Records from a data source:
--- START ---
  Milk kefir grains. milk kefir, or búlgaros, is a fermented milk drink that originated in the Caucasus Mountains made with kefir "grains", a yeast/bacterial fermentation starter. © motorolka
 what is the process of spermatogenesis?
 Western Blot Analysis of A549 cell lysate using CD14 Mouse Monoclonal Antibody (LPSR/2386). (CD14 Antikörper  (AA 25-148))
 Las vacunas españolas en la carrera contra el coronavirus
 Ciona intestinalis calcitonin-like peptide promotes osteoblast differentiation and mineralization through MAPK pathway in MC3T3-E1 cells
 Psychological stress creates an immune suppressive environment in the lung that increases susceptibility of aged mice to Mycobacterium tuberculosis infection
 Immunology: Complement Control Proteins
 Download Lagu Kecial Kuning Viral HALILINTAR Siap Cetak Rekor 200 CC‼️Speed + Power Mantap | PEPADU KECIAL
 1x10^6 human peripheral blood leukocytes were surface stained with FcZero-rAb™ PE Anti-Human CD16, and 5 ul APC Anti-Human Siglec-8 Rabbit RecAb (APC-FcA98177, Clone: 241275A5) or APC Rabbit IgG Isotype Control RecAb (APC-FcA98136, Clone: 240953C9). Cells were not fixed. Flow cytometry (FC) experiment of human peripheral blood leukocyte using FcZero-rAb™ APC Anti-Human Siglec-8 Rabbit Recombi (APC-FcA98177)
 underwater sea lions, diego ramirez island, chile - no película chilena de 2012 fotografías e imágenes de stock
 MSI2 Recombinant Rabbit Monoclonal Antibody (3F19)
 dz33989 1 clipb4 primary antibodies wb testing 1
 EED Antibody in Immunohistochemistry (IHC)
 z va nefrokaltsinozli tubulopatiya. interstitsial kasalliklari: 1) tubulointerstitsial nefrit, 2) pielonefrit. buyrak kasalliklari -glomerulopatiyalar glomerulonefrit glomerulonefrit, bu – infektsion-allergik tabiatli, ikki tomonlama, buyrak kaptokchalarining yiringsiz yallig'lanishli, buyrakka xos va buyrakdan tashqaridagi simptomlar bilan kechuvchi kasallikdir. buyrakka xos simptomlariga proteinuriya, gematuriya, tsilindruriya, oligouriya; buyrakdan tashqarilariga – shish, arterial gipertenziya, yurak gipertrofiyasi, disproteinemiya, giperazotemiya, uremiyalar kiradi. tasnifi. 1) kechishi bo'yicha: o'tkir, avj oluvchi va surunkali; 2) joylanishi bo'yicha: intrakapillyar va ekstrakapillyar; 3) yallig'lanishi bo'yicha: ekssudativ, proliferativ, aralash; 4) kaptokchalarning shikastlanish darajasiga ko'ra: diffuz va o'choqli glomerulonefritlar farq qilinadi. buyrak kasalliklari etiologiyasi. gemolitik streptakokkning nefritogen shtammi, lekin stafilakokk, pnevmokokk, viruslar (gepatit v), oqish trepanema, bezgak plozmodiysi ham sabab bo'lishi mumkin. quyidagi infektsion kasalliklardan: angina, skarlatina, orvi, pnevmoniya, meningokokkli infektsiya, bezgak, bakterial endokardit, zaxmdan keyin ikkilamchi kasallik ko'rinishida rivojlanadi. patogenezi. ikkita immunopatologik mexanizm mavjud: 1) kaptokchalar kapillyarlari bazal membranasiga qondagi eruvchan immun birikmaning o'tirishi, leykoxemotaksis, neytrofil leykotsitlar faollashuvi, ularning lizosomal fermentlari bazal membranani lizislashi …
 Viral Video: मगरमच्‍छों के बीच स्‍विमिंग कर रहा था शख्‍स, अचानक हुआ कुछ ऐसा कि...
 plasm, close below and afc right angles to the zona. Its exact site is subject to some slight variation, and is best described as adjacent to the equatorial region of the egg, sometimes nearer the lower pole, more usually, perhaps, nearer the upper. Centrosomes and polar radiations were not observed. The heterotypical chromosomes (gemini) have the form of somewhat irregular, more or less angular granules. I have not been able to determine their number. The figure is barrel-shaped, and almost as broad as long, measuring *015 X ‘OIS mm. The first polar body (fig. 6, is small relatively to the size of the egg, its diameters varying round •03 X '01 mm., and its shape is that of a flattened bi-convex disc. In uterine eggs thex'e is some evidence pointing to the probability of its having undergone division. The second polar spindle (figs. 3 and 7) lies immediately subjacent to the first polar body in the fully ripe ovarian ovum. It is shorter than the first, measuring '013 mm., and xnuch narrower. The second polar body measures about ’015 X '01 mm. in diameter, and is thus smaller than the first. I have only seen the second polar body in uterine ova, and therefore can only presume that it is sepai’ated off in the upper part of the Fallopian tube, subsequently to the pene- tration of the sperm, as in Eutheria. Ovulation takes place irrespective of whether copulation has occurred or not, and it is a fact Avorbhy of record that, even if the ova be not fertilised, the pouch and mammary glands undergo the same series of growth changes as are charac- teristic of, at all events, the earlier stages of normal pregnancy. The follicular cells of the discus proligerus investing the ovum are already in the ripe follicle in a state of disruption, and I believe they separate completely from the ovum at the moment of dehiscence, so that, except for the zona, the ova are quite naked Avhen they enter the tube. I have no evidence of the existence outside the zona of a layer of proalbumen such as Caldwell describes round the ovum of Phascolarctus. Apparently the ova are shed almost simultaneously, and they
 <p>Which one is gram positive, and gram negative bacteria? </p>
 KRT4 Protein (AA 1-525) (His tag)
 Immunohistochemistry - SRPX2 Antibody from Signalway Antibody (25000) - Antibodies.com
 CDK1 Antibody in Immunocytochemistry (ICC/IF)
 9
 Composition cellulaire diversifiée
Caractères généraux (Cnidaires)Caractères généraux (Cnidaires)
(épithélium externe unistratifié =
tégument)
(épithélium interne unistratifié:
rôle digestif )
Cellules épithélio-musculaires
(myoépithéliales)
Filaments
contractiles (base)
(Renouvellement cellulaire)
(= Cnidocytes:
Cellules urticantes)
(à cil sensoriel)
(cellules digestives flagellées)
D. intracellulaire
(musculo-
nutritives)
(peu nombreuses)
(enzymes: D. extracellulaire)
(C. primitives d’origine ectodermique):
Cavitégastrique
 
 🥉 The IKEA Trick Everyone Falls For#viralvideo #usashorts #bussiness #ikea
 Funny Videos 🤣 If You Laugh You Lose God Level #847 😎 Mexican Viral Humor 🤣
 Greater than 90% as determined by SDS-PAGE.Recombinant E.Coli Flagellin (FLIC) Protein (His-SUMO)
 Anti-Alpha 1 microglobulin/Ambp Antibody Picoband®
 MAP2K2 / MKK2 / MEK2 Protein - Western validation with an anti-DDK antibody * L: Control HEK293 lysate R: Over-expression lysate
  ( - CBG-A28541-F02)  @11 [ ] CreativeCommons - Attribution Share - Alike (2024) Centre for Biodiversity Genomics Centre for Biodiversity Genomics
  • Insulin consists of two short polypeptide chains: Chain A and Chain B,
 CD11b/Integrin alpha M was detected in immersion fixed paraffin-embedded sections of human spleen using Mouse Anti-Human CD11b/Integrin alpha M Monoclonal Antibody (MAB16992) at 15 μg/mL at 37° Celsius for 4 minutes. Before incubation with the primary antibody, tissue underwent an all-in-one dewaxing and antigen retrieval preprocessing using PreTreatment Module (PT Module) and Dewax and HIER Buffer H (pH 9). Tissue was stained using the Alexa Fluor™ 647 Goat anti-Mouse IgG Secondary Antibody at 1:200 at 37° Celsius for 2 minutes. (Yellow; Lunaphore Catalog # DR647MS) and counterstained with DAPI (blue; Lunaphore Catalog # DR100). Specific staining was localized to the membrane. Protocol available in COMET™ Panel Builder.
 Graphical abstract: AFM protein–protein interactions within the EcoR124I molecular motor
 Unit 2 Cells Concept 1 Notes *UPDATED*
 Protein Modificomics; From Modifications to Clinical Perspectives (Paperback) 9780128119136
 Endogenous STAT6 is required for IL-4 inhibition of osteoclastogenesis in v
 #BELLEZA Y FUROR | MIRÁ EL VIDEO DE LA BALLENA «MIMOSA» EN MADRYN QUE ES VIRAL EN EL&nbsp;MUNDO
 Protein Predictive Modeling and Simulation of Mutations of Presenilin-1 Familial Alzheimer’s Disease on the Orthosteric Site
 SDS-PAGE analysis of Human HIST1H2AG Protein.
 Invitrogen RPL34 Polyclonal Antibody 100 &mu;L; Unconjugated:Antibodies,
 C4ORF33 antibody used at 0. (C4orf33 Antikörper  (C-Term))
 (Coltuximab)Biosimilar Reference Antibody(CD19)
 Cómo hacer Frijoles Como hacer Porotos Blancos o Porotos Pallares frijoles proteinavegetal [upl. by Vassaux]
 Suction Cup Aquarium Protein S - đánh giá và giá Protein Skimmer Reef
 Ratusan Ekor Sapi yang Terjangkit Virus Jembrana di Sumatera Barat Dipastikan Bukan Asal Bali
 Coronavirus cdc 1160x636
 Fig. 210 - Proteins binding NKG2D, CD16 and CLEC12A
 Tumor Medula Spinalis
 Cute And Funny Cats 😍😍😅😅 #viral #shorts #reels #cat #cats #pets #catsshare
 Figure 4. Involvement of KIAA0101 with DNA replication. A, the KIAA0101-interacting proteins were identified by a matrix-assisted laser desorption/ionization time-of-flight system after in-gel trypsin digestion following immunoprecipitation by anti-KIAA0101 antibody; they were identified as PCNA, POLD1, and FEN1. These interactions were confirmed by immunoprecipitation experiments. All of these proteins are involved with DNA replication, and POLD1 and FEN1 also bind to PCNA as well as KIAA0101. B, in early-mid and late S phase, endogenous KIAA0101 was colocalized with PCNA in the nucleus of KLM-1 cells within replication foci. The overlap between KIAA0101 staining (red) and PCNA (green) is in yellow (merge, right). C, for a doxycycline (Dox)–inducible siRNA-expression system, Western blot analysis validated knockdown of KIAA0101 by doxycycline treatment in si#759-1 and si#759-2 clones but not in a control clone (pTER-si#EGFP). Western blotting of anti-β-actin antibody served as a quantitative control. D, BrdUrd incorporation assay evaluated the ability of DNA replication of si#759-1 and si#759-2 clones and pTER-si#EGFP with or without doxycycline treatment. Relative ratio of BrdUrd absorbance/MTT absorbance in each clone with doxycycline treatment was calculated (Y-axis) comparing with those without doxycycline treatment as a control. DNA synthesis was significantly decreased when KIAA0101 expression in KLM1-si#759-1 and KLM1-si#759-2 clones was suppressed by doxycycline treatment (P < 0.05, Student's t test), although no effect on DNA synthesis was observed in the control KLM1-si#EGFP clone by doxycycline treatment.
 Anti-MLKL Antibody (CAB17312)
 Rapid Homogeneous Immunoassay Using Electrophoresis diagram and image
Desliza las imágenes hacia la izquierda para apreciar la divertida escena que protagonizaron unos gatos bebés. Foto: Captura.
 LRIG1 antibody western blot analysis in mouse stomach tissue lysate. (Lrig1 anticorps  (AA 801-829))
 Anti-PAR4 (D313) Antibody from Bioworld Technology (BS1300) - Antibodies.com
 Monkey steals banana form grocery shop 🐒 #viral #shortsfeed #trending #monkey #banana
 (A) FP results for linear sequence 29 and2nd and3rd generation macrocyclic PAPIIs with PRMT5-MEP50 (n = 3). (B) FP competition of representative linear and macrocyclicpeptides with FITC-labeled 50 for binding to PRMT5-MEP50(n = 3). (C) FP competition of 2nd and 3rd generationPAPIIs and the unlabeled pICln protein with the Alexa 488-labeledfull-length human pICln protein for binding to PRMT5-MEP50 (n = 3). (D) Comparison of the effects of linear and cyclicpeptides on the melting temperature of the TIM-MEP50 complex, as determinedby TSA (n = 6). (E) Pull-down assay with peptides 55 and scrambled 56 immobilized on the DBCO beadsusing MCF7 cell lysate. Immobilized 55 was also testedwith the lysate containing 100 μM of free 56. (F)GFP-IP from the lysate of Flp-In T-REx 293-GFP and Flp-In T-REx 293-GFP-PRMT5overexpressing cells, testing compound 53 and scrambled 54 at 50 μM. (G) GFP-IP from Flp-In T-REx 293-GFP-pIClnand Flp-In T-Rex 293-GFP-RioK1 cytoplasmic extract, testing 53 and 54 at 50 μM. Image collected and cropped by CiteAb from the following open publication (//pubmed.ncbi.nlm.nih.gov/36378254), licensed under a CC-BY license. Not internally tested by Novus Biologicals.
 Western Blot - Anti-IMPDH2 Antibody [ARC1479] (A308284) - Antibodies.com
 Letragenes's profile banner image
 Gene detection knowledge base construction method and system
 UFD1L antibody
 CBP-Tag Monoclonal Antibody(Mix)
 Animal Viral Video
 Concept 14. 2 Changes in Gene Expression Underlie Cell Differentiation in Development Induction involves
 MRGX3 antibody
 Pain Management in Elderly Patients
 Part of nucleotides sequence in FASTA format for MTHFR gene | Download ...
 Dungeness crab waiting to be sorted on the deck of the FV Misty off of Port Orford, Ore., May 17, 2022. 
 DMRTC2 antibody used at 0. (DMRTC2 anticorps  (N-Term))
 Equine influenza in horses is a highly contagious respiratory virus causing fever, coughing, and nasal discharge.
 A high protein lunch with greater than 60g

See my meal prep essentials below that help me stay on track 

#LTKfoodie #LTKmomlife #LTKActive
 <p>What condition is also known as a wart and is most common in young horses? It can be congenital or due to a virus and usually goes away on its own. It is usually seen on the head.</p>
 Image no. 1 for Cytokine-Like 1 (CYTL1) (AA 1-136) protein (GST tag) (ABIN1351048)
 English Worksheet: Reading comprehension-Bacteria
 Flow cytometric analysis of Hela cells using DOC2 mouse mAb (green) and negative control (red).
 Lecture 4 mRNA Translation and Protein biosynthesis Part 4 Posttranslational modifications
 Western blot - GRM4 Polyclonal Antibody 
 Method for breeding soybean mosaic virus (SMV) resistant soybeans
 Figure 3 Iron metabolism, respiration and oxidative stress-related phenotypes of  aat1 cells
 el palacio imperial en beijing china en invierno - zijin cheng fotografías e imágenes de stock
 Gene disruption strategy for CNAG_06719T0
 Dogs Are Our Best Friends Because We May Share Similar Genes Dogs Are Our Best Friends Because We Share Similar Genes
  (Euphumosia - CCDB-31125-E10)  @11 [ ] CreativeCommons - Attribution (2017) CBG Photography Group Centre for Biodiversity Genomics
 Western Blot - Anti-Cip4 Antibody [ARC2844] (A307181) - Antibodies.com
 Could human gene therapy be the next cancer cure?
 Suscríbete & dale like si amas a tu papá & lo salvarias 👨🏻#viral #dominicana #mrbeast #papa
--- END ---
Work instruction
What you copy out must be exactly the lines from the line containing "Dungeness crab waiting" through the end of the records.

Output of the exercise
 Dungeness crab waiting to be sorted on the deck of the FV Misty off of Port Orford, Ore., May 17, 2022. 
 DMRTC2 antibody used at 0. (DMRTC2 anticorps  (N-Term))
 Equine influenza in horses is a highly contagious respiratory virus causing fever, coughing, and nasal discharge.
 A high protein lunch with greater than 60g

See my meal prep essentials below that help me stay on track 

#LTKfoodie #LTKmomlife #LTKActive
 <p>What condition is also known as a wart and is most common in young horses? It can be congenital or due to a virus and usually goes away on its own. It is usually seen on the head.</p>
 Image no. 1 for Cytokine-Like 1 (CYTL1) (AA 1-136) protein (GST tag) (ABIN1351048)
 English Worksheet: Reading comprehension-Bacteria
 Flow cytometric analysis of Hela cells using DOC2 mouse mAb (green) and negative control (red).
 Lecture 4 mRNA Translation and Protein biosynthesis Part 4 Posttranslational modifications
 Western blot - GRM4 Polyclonal Antibody 
 Method for breeding soybean mosaic virus (SMV) resistant soybeans
 Figure 3 Iron metabolism, respiration and oxidative stress-related phenotypes of  aat1 cells
 el palacio imperial en beijing china en invierno - zijin cheng fotografías e imágenes de stock
 Gene disruption strategy for CNAG_06719T0
 Dogs Are Our Best Friends Because We May Share Similar Genes Dogs Are Our Best Friends Because We Share Similar Genes
  (Euphumosia - CCDB-31125-E10)  @11 [ ] CreativeCommons - Attribution (2017) CBG Photography Group Centre for Biodiversity Genomics
 Western Blot - Anti-Cip4 Antibody [ARC2844] (A307181) - Antibodies.com
 Could human gene therapy be the next cancer cure?
 Suscríbete & dale like si amas a tu papá & lo salvarias 👨🏻#viral #dominicana #mrbeast #papa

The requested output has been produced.